Cardiac arrest is usually caused by an irregular heartbeat, also known as an arrhythmia. Most of the time a cardiac arrest occurs when the heart’s lower chambers (the ventricles) beat too rapidly. Without enough time to relax between beats, they can’t fill with blood and so can’t pump enough blood to sustain life. Sometimes cardiac arrest occurs when the upper chambers (the atria) beat too rapidly to pump blood efficiently.

Irregular heartbeats are usually caused by coronary artery disease, the development of cholesterol-clogged arteries in the heart. Other causes include viral infections of the heart muscle; electric shock; certain inherited disorders; and drinking too much alcohol. Cocaine and other drugs can also trigger cardiac arrest by causing the coronary arteries to clamp shut, depriving the heart muscle of oxygen.

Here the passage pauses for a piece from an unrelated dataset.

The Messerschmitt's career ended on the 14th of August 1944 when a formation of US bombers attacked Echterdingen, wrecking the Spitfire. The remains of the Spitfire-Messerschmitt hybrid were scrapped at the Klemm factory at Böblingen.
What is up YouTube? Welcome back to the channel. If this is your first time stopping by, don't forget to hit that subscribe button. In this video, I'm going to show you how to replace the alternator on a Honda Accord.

Symptoms of cardiac arrest

Fainting is usually the first sign of cardiac arrest. A person may feel dizzy or lightheaded just before fainting.

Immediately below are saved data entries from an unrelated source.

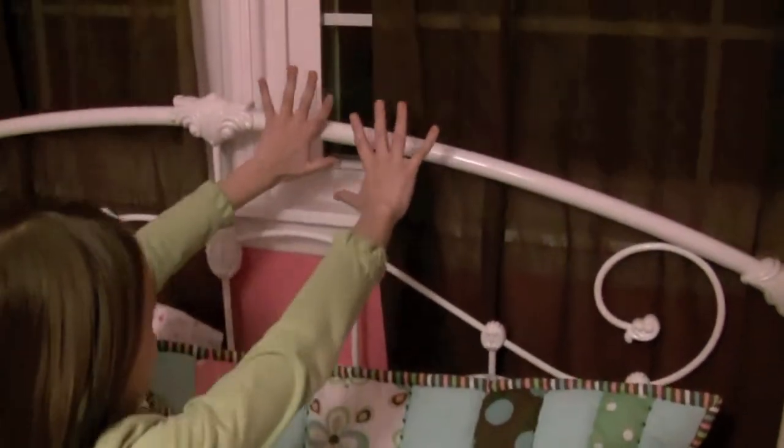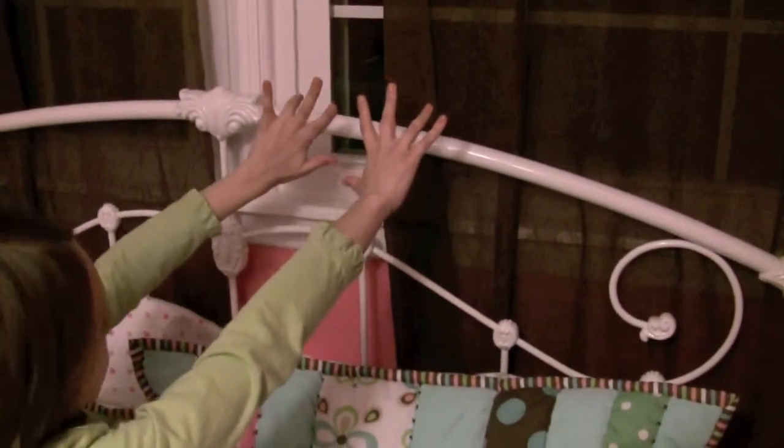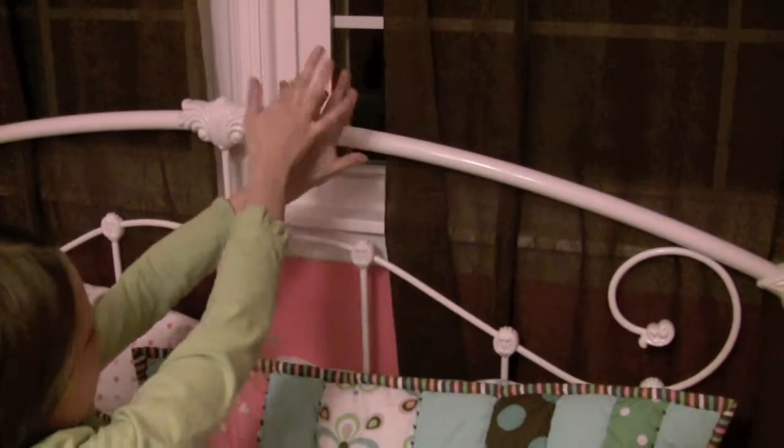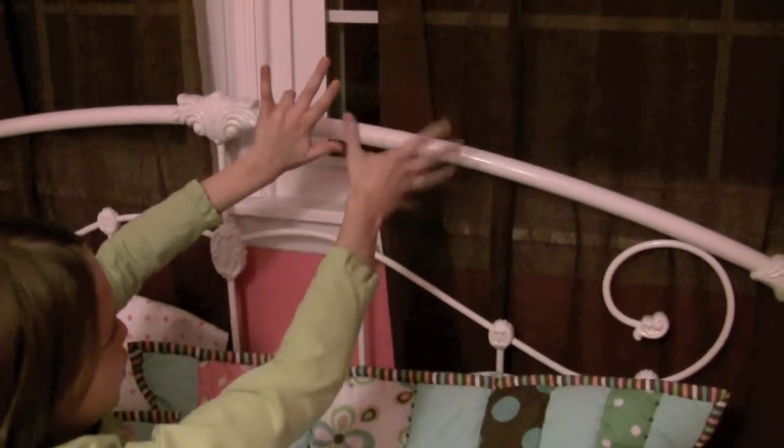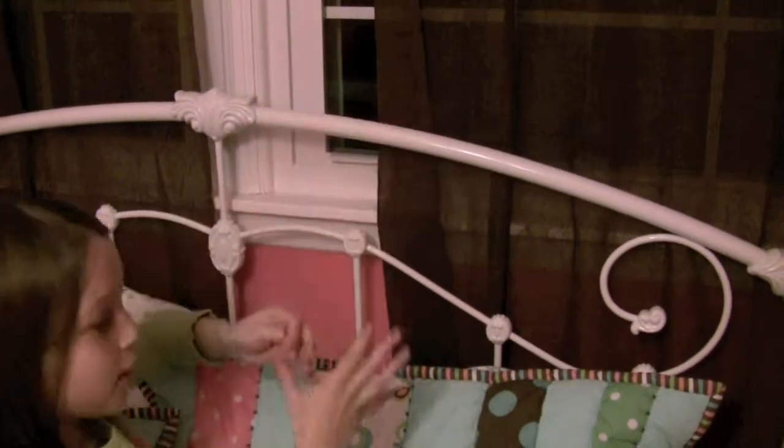Let's do another one. Nine times two. I put down my second finger. Here's the ten spot — there's one. And then over here is the one splice, and there's eight. So my number is eighteen.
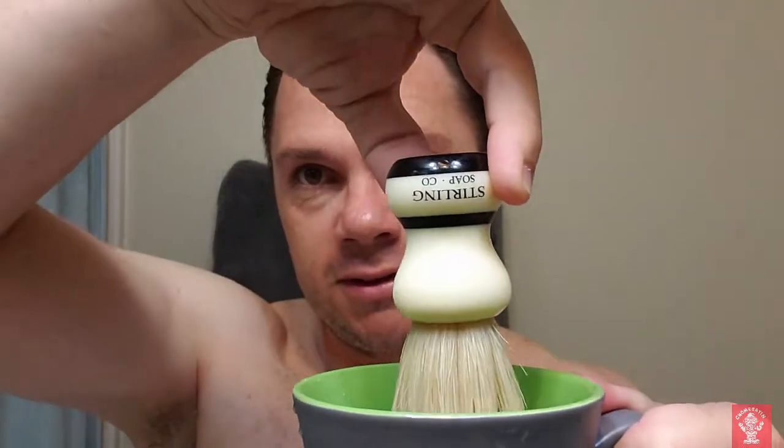Brush — Sterling boar. Let me go ahead and put this bloom water on and we shall get cracking. It's been a while since I've used this scent. Some might find it a bit much for the summer, so that's something to keep in mind. But for me, I don't care. Let me go ahead and add some cold water to the brush and get it cold. I like cold water shaves.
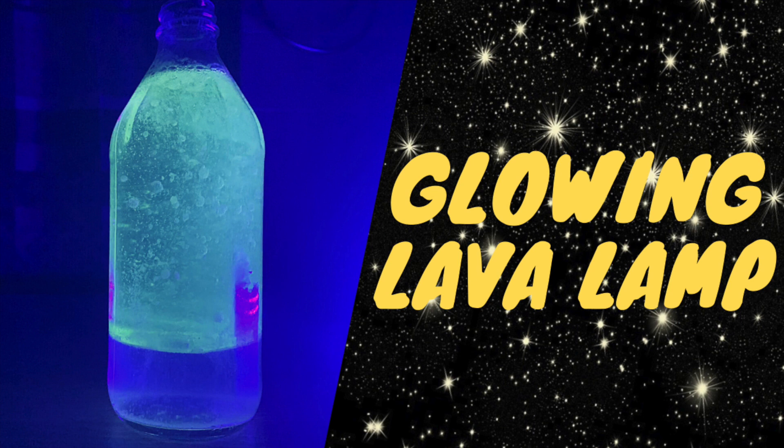When you add alka-seltzer to the jar it reacts with the water to create carbon dioxide. The carbon dioxide sticks to the water and rises to the top of the jar, where the carbon dioxide bubbles pop and the water returns back to the bottom of the jar. It keeps doing that over and over again until the alka-seltzer and water reaction stops, and when you add more alka-seltzer it keeps going.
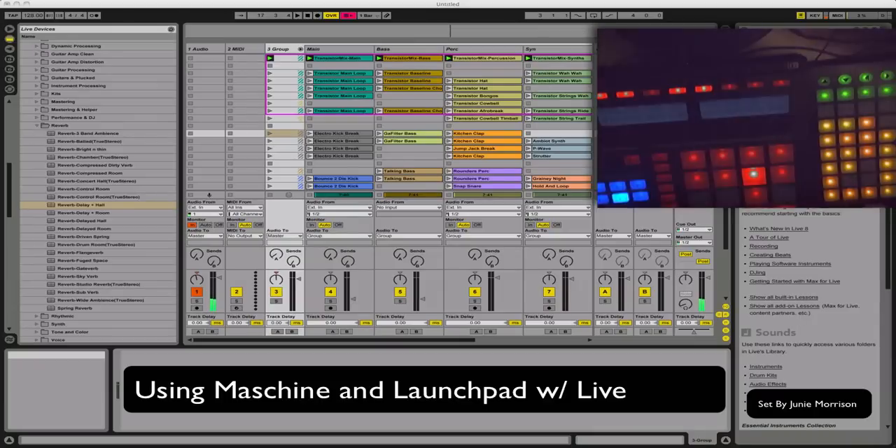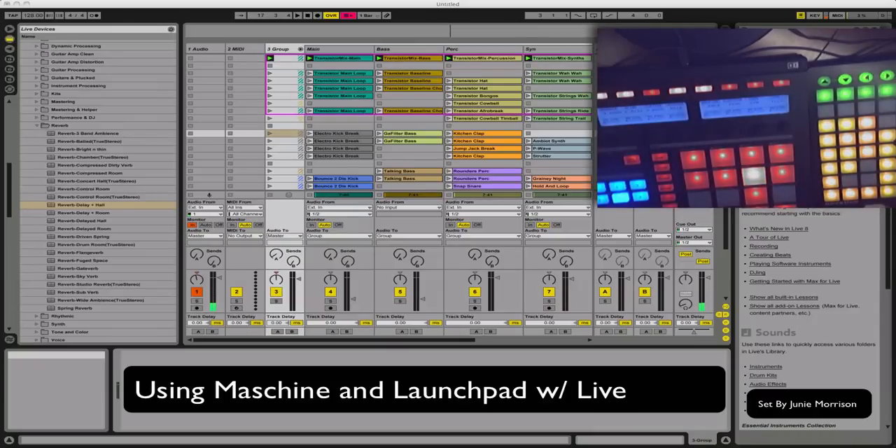Hi, this is Eric again. I'm going to do a little bit of messing around with my Native Instruments Maschine and my Novation Launchpad in Ableton here, just to kind of show you a little bit about how I use the Mackey Machine Control — that aspect of the machine interface — and use that all together. I'm using the Junie Morrison Ableton Live Pack just for purposes of demonstration here. Let's give it a try.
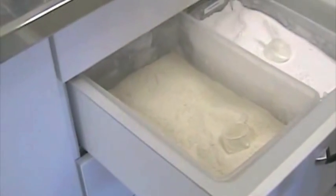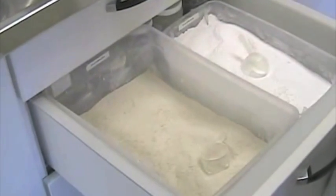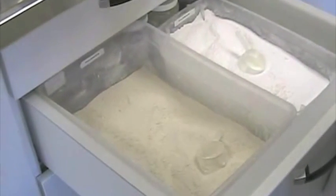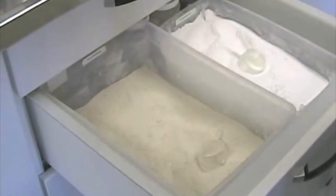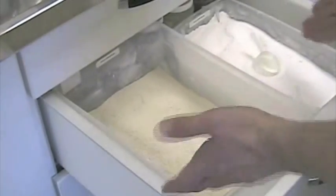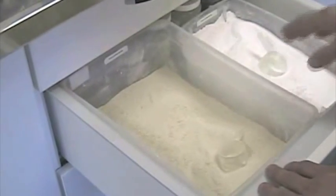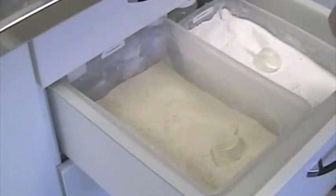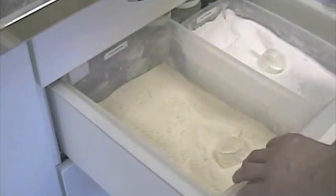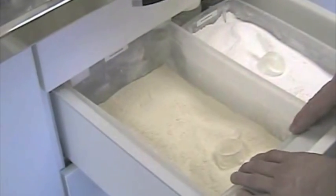We are ready for the pour. I'm going to prepare the stone. I use a type 4 stone. A little advertisement maybe for our friends from GC — I like the Fuji Rock. It is the stone of my choice, the one I have been using for years. It has the right strength, the right hardness and the right expansion, and also the right color. My two favorites: I use the golden brown and the pure white. We can mix them or we can use just the brown alone.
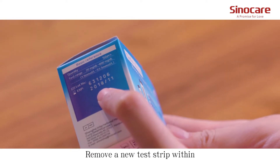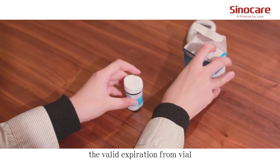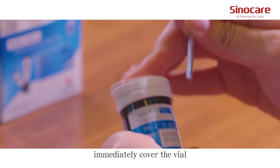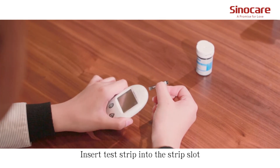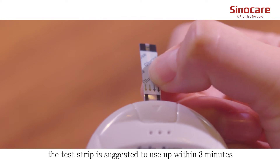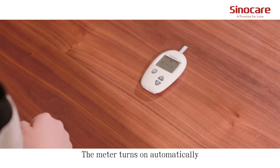Remove a new test strip within the valid expiration date from the vial. After taking the strip, immediately cover the vial to avoid losing efficiency. Insert the test strip into the strip slot. The test strip is suggested to be used within three minutes. The meter turns on automatically.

Some people may experience chest pain, shortness of breath, or nausea shortly before going into cardiac arrest.

A person in cardiac arrest has no heartbeat and no pulse.

Diagnosing cardiac arrest

Cardiac arrest is an emergency. It is crucial to get the heart beating again as quickly as possible. Diagnostic tests are not done until after a person’s heart is beating again.

If the person is revived, tests may be done later to identify what caused the cardiac arrest. These tests provide information about the structure and function of the heart. They may record the heart’s electrical activity, identify the presence of arrhythmias, show evidence of damage to the heart muscle, and reveal how well the heart is pumping blood.

Tests that may be done include:

  • electrocardiogram (EKG)
  • echocardiography
  • cardiac magnetic resonance imaging (MRI)
  • cardiac catheterization
  • electrophysiology study
  • blood tests

Treating cardiac arrest

Cardiac arrest is an emergency. A person who is in cardiac arrest will die within minutes unless his or her heartbeat is restored.

Call 9-1-1 right away if you think someone may be in cardiac arrest. Be prepared to perform cardiopulmonary resuscitation (CPR) until emergency personnel arrive. All 911 operators are trained to give verbal cues for CPR. You can put your phone on speaker and ask the operator to talk you through the steps.

Here are the basic steps of doing CPR on someone in cardiac arrest.

  • Place the heel of one hand on the person’s breastbone, and put your other hand over it.
  • Push down on the breastbone with both hands hard enough to make the breastbone move downward.
  • Relax to let the breastbone move back up.
  • Repeat.
  • Aim to do 100 presses a minute.

Doing CPR can be the difference between life and death. It keeps blood circulating until the person’s heart can be shocked back into a normal rhythm with an automated external defibrillator (AED).

Many public areas have AEDs, which use voice prompts, lights, and text messages to guide users — even those who haven’t been trained to use the device — through the steps.

People who survive cardiac arrest often have an implantable cardioverter defibrillator (ICD) surgically placed under their skin. This device uses electrical shocks to correct dangerous arrythmias. Medicines are also given to help prevent an irregular heartbeat.